Crawled caption data:
####################

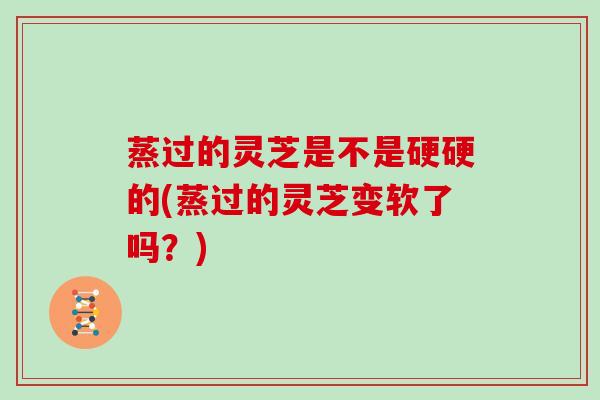 蒸过的灵芝是不是硬硬的(蒸过的灵芝变软了吗？)-第1张图片-灵芝大师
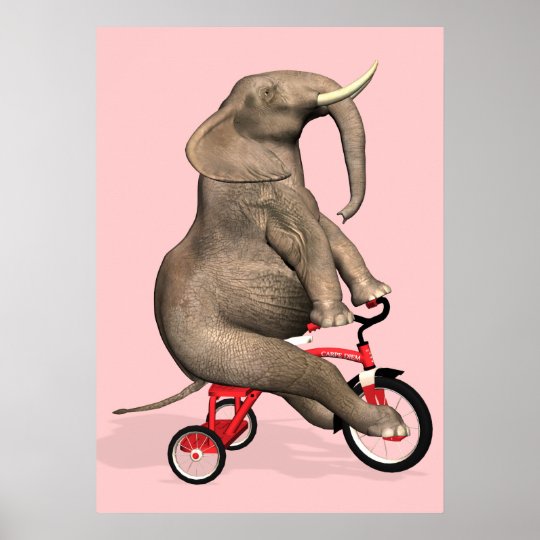Cute Elephant Riding A Tricycle Poster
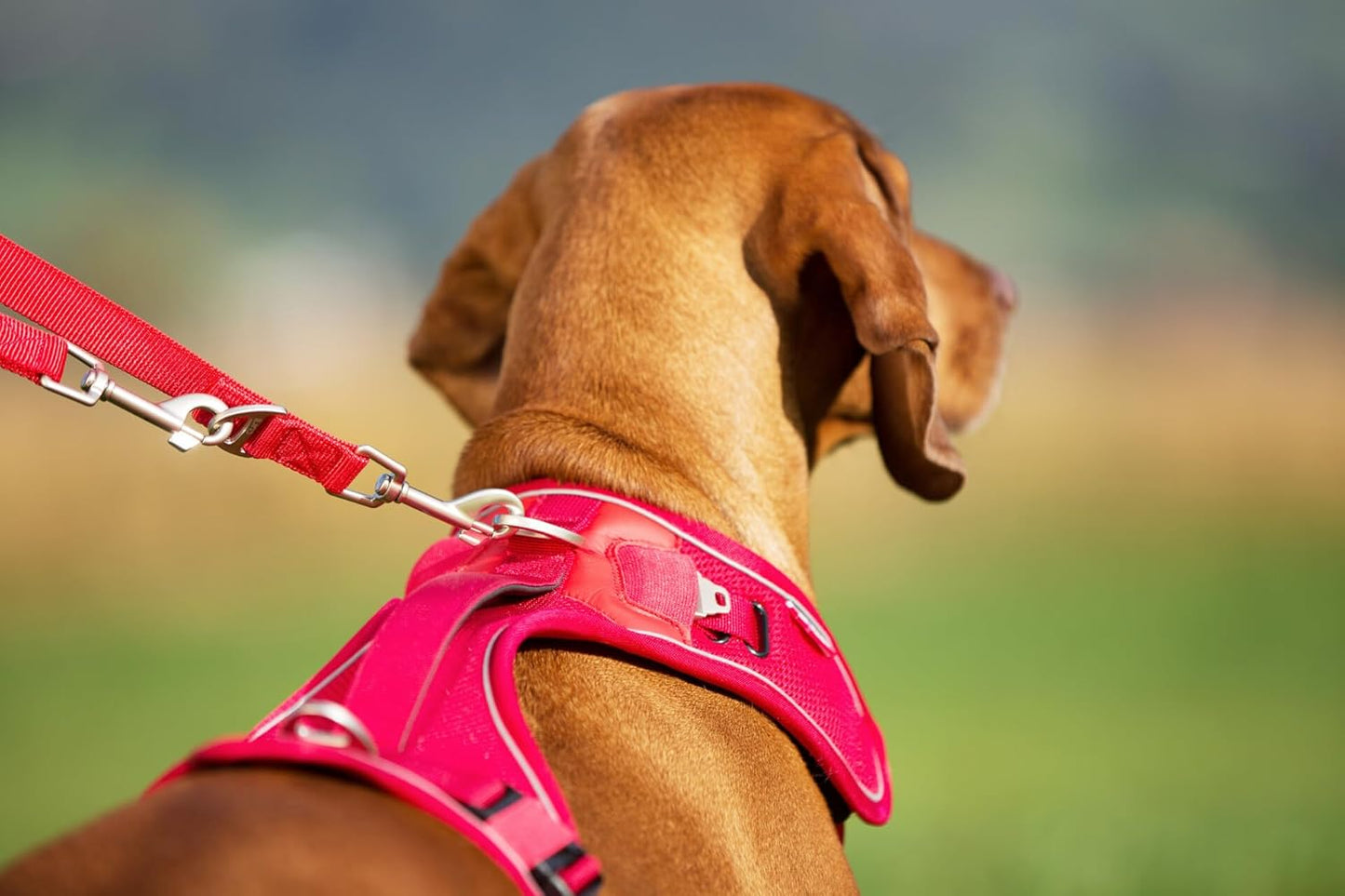 Belka Harness Hundegeschirr, verstellbar, reflektierend, inkl. DogFinder ID, S, Red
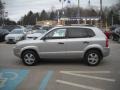 2007 Platinum Metallic Hyundai Tucson GLS  photo #6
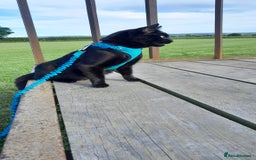 Mixed Breed cats for sale: Rehoming our cat ASAP! in Reading - Image 3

####################

*WHAT THE EXERCISE ASKS:*
Write out each entry exactly as given, but skip the pictures.

*THE COMPLETED TASK:*
 蒸过的灵芝是不是硬硬的(蒸过的灵芝变软了吗？)-第1张图片-灵芝大师
Cute Elephant Riding A Tricycle Poster
 Belka Harness Hundegeschirr, verstellbar, reflektierend, inkl. DogFinder ID, S, Red
 2007 Platinum Metallic Hyundai Tucson GLS  photo #6
 Mixed Breed cats for sale: Rehoming our cat ASAP! in Reading - Image 3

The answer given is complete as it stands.